MUSSORGSKY Pictures at an Exhibition
MOZART Violin Concerto No. 5, K.219 'Turkish'
KORNGOLD Violin Concerto in D

Studio and Live recordings, 1947
Total duration: 77:27

Vladimir Horowitz, piano
Jascha Heifetz,
violin
New York Philharmonic-Symphony Orchestra
Conducted by Efrem Kurtz

This set contains the following albums:

This album brings together two very different recordings made just six weeks apart by two of the twentieth century's finest virtuoso musicians, Jascha Heifetz and Vladimir Horowitz, neither of which was intended for release. The Heifetz was recorded in-house by the Carnegie Hall Recording Company, using the CBS microphones installed for the regular weekly broadcasts of the New York Philharmonic. This Sunday afternoon concert was also broadcast by CBS, but the lack of announcements over the extended applause suggests this was not a CBS recording. Whilst the concerto performances have appeared elsewhere on individual releases, both appeared in less than fine sound, with scratches, crackles and disc surface noise apparent.

This release not only reunites for the first time the two concertos Heifetz performed that night in New York (3 days after the concert reviewed in the New York Times, see review tab), but also deals with the shortcomings heard in those previous releases. Whilst some surface damage to the original acetates is still occasionally apparent, for the most part the sound quality is very good - clear, bright and well-balanced.
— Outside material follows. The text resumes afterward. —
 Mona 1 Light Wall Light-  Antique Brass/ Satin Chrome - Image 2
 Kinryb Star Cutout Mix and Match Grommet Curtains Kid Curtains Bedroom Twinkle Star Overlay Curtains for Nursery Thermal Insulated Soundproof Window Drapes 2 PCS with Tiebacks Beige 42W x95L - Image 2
Jascha Heifetz was, quite simply, one of the greatest violinists of the twentieth century. Born in Lithuania, then part of Tsarist Russia, in 1901 he trained in St Petersburg and was performing to international acclaim even before the outbreak of war in 1914. In 1917 he fled the Russian Revolution to settle in the USA, making an immediate and sensational impact on the musical scene of what became his adopted home.

Although a revered interpreter of the classical repertoire, Heifetz championed contemporary composers throughout his career. Compatriots such as Prokofiev and Shostakovich benefited from his première performances or recordings of their works for violin, as did Sibelius, Walton and Korngold. Heifetz premiered Korngold’s Violin Concerto with the St Louis Symphony in February 1947, following it up with the broadcast performance heard here with the New York Philharmonic a month later. Olin Downes, critic of the New York Times rather aloofly described the work as ‘a Hollywood concerto’ that despite being ‘fully orchestrated in the Straussian manner’ was somewhat ‘commonplace.’ Heifetz, however, was decidedly in ‘top virtuoso style’ he decided. Heifetz made a commercial recording of the work in 1953 and as a result the violin concerto became one of Korngold’s best-known works. 

The Horowitz recording of Mussorgsky's Pictures at an Exhibition was recorded over two sessions at the end of 1947 and issued on RCA the following year. The source recordings here were so superior to the sound heard on RCA's reissue that it was originally assumed to be the lost session of 15 May, 1947.  Close analysis reveals this not to be the case, alas. Nevertheless it's an opportunity to hear this classic recording in much greater clarity than ever before.

Andrew Rose

MUSSORGSKY  Pictures at an Exhibition
1. Promenade  (1:31)
2. 1. Gnomus  (2:31)
3. Promenade (2nd)  (0:51)
4. 2. Il Vecchio Castello  (3:41)
5. Promenade (3rd)  (0:33)
6. 3. Tuilleries  (1:04)
7. 4. Bydlo  (2:44)
8. Promenade (4th)  (0:37)
9. 5. Ballet de Poussins dans leurs Coques  (1:20)
10. 6. Samuel Goldenberg und Schmuyle  (2:18)
11. 7. Limoges, Le Marché  (1:23)
12. 8. Catacombae  (1:16)
13. Con Mortuis in Lingua Mortua  (2:22)
14. 9. La Cabane sur des Pattes de Poule  (3:31)
15. La Porte des Bohatyrs de Kiev  (4:29)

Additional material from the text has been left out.